NO WRITER ATTRIBUTED

According to a report issued last week by the Southern Regional Council, Negro citizens are calling into question the Federal Government's legal and moral role in the fight for equal rights. The report reinforces Rev. Martin Luther King's charge that FBI agents in Albany, Georgia and other Southern cities are blatantly working with segregationists.

In the past six months of violence, the FBI has made only one arrest, and that followed the bombing of a church in which an FBI man had been injured. One can dismiss as irrelevant the accusation leveled recently by two dissident agents that the Bureau is led and staffed by racially biased men. More significant is the fact that in the South the Bureau must work hand in hand with local police on a myriad of law-enforcement matters, ranging from postal fraud to moonshine liquor. The individual agents have found it impractical, maybe impossible, to disrupt the network of friends and colleagues with whom they work on matters other than civil rights.

The Council Report suggests a special corps of civil rights agents, free of the entanglements which restrict FBI men in this field, and empowered to "prevent, as well as to investigate, violations of constitutional rights." Such a group, the Report fails to observe, would be more closely linked to Attorney General Kennedy's Justice Department than the FBI, which under J. Edgar Hoover's control has remained semi-autonomous. Thus, the Administration would assume a far less ambiguous legal approach toward the civil rights movement.

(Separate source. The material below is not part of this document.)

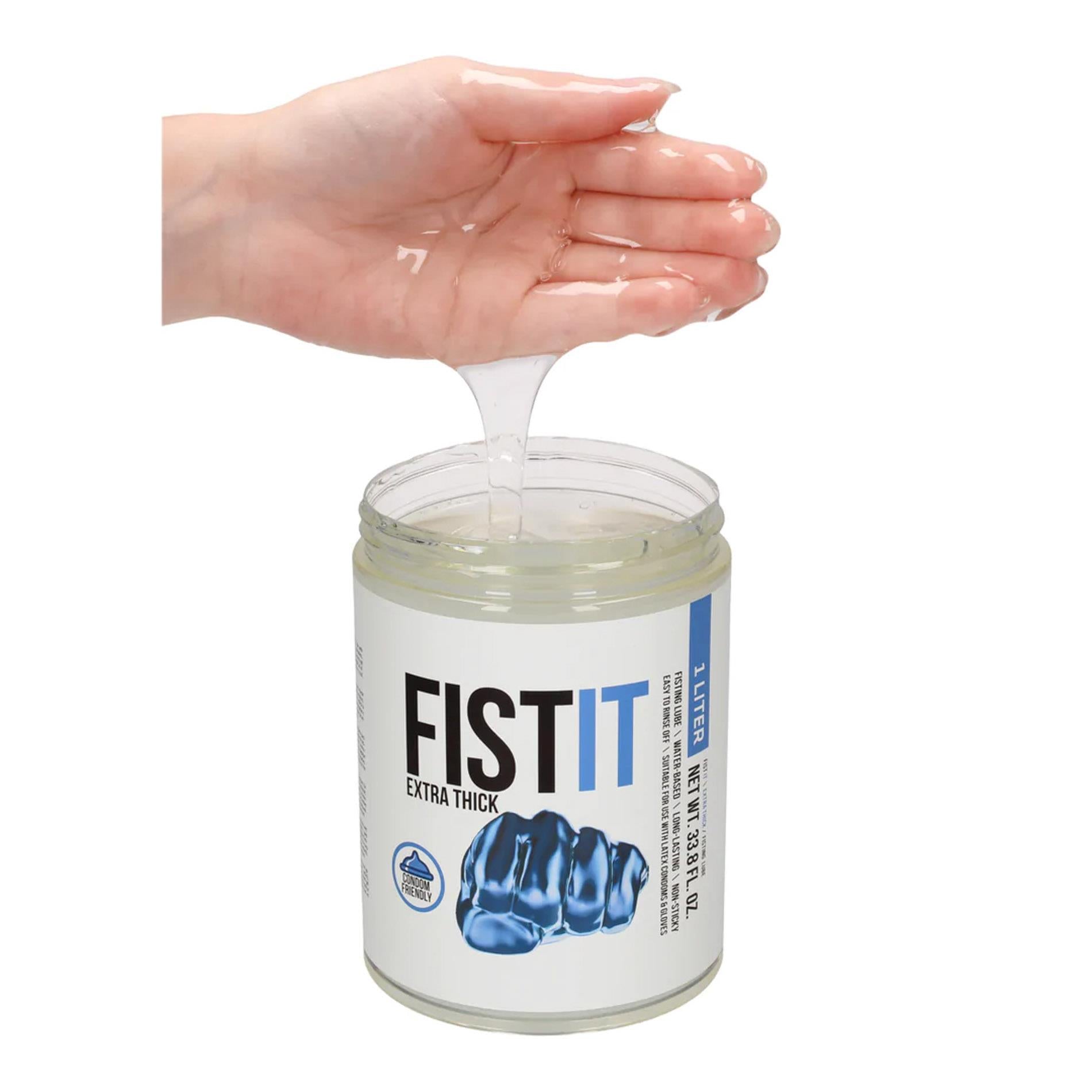 5-Extra Thick Lubricant - 1000 ml-5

The Council Report urges that local law-enforcement officers be prosecuted by the Justice Department under Section 242 of the U.S. criminal code, which makes it illegal for them to subject "any inhabitant of any state to the deprivation of any rights, privileges or immunities secured or protected by the Constitution and laws of the United States." Attorney General Kennedy could have actively protected the well-being of the leaders of the Albany movement. He hesitated, preferring to congratulate Albany's police chief (who arrested over 1,000 Negroes) for maintaining the peace. His Justice Department rarely used its power of injunction to defend the rights of assembly and petition (though participation in marches and prayer-demonstrations provided the "legal" reason for jailing at least 700 citizens in Albany).

As for the President, it is his job to explain why "maintenance of law and order" cannot provide a semantic justification for jailing those who try to change the social order of the South. He need not, as he did in his speech on Mississippi, describe integration "so we can turn to the crises that are without, and stand united..." Unity in this era of cold-war crises is the cheapest reason for condemning segregation. It would not be impolitic for Mr. Kennedy to talk to this nation in moral terms: segregation is not merely a political liability but a moral horror.

Professor Howard Zinn, of Spelman College in Georgia, compiled the Report for the moderate, hi-racial Southern Regional Council. He has drafted a far-sighted, specific and humane set of suggestions. The President and the Attorney General would do well to take them seriously.